Hal böyle olunca; Mahkemece, anılan taşınmazın teknik bilirkişi raporunda belirtilen bölümü yönünden "karar verilmesine yer olmadığına" karar vermek gerekirken, davaya konu kabul edilerek yazılı şekilde karar verilmiş olması isabetsiz olup, temyiz itirazları açıklanan nedenlerle yerinde görüldüğünden kabulü ile hükmün BOZULMASINA,
2- Dava konusu 187 ada 38 parsel sayılı taşınmazın (B) harfi ile gösterilen bölümüne ilişkin hükme yönelik temyiz itirazlarının incelenmesine gelince, Mahkemece, davacının dayandığı tapu kaydının çekişmeli taşınmaz bölümüne uyduğu gerekçesi ile yazılı şekilde karar verilmiştir. Ne var ki, dava; tapu iptali ve tescil istemine yönelik olup, tapu iptali ve tescil davalarında husumetin, tapu maliklerine, tapu maliklerinin ölü olması halinde ise mirasçılarına yöneltilmesi ve tüm mirasçıların davada yer alması zorunludur. Dava dilekçesinde, tapu maliklerine doğru olarak husumet yöneltilmiş olmakla birlikte, kayıt maliki ... mirasçılarından ... yargılama sırasında öldüğü halde mirasçıları davaya dahil edilmemiştir. Bu nedenle davada taraf teşkilinin sağlandığından söz edilemez. Oysaki; taraf teşkilinin sağlanması dava şartı olup, bu koşul yerine getirilmeden işin esasına girilemez. Kamu düzenine ilişkin bu hususun, yargılamanın her safhasında Mahkemece re"sen dikkate alınması gerekir. Öte yandan, Mahkemece işin esası yönünden yapılan araştırma ve inceleme de hüküm kurmak için yeterli değildir. Şöyle ki, davacının dayandığı tapu kaydı tüm tedavülleri ile birlikte getirtilmemiş, haritası bulunup bulunmadığı araştırılmamış, mahalli bilirkişi ve tanıkların gösterdikleri sınır yerleri fen bilirkişi raporunda denetime elverişli şekilde gösterilmediği gibi,taşınmaza komşu tüm taşınmazların tutanakları ile varsa dayanağı kayıtlar getirtilip, bu belgelerden yararlanılmamıştır. Bu şekilde eksik araştırma ve incelemeye dayalı olarak hüküm kurulamaz.
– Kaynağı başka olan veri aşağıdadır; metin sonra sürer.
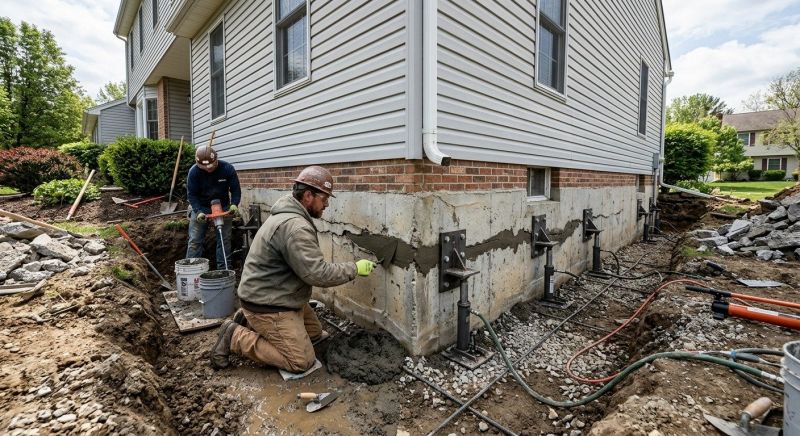 Basement Foundation Repair in Roxbury, CT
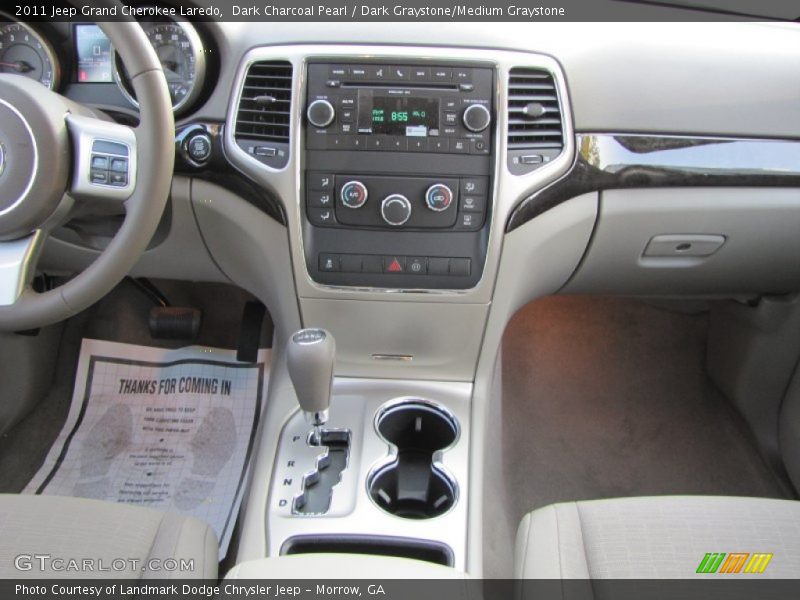 Dark Charcoal Pearl / Dark Graystone/Medium Graystone 2011 Jeep Grand Cherokee Laredo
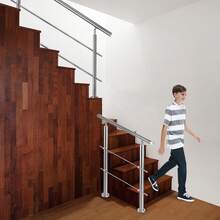 Stair Railing, Stainless Steel Handrail, Balustrade, Balustrade Bars, Terrace Balustrade, Stair Kit - 2 Traverses - View 8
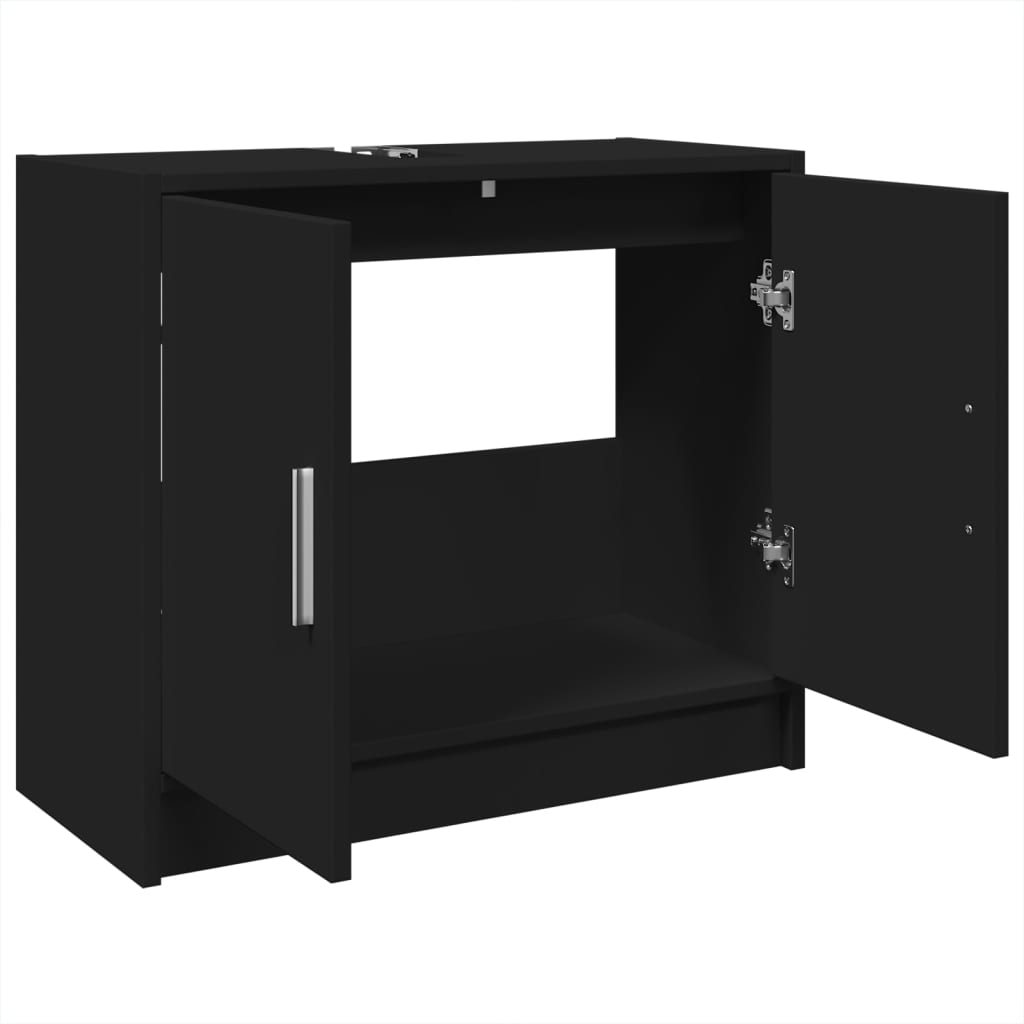 Sink Cabinet 63X29X55 Cm Engineered Wood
Hal böyle olunca; Mahkemece öncelikle, kayıt maliki ....mirasçılarından yargılama sırasında vefat eden ..."ün mirasçılarına davanın yöneltilmesi için davacıya süre ve imkan tanınmalı, bu şekilde taraf koşulu sağlanması halinde, davacının dayandığı tapu kaydı tesisinden itibaren tüm tedavülleri ile varsa haritası ve çekişmeli taşınmaza komşu tüm taşınmazların kadastro tespit tutanakları ile dayanağı olan belgeler getirtilerek dosya ikmal edilmeli, ayrıca tapu kaydının davacıya tedavülüne ilişkin kayıt, ihale suretiyle oluşturulduğundan ihale dosyasının aslı getirtilerek tapu kaydının krokisinin bulunup bulunmadığı araştırılmalı, bundan sonra mahallinde, yaşlı, tarafsız, yöreyi iyi bilen ve davada yararı bulunmayan şahıslar arasından seçilecek yerel bilirkişiler ve taraf tanıkları ile teknik bilirkişinin katılımı ile yeniden keşif icra edilmeli, bu keşif sırasında davacının dayandığı tapu kaydının varsa öncelikle haritası teknik bilirkişi aracılığı ile zemine uygulanarak kapsamı 3402 sayılı Kadastro Kanunu’nun 20/A maddesi uyarınca haritasına göre belirlenmeli, haritasının bulunmaması ya da uygulama kabiliyetinin olmaması halinde tapu kaydının sınırlarına itibar edilerek, yerel bilirkişilerin yardımı ve fen bilirkişilerinin eliyle zemine uygulanmalı, bilirkişi ve tanık sözleri komşu parsellere ait kadastro tutanakları ve dayanaklarıyla denetlenmeli, dava konusu taşınmazın tapu kaydının kapsamında kalmadığının anlaşılması halinde, yerel bilirkişi ve tanıklardan; taşınmazın kimden kime ve nasıl intikal ettiği, ne zamandan beri kim tarafından ve ne şekilde kullanıldığı hususları etraflıca sorulup maddi olaylara dayalı olarak açıklattırılmalı, beyanlar arasında oluşabilecek çelişkiler gerektiğinde yüzleştirme yapılarak giderilmeye çalışılmalı; fen bilirkişine, uygulanan tapu kaydının kapsadığı alanı gösterir şekilde keşfi takibe ve denetlemeye imkan veren rapor ve kroki düzenlettirilmeli ve bundan sonra tüm deliller birlikte değerlendirilerek sonucuna göre bir karar verilmelidir. Mahkemece, bu yönler göz ardı edilerek eksik inceleme ile yazılı şekilde hüküm kurulması isabetsiz olup, temyiz itirazları açıklanan nedenlerle yerinde görüldüğünden kabulü ile hükmün BOZULMASINA, yasal koşullar gerçekleştiğinde kararın tebliğinden itibaren 15 gün içinde karar düzeltme yolu açık olmak üzere, 22.10.2020 gününde oybirliğiyle karar verildi.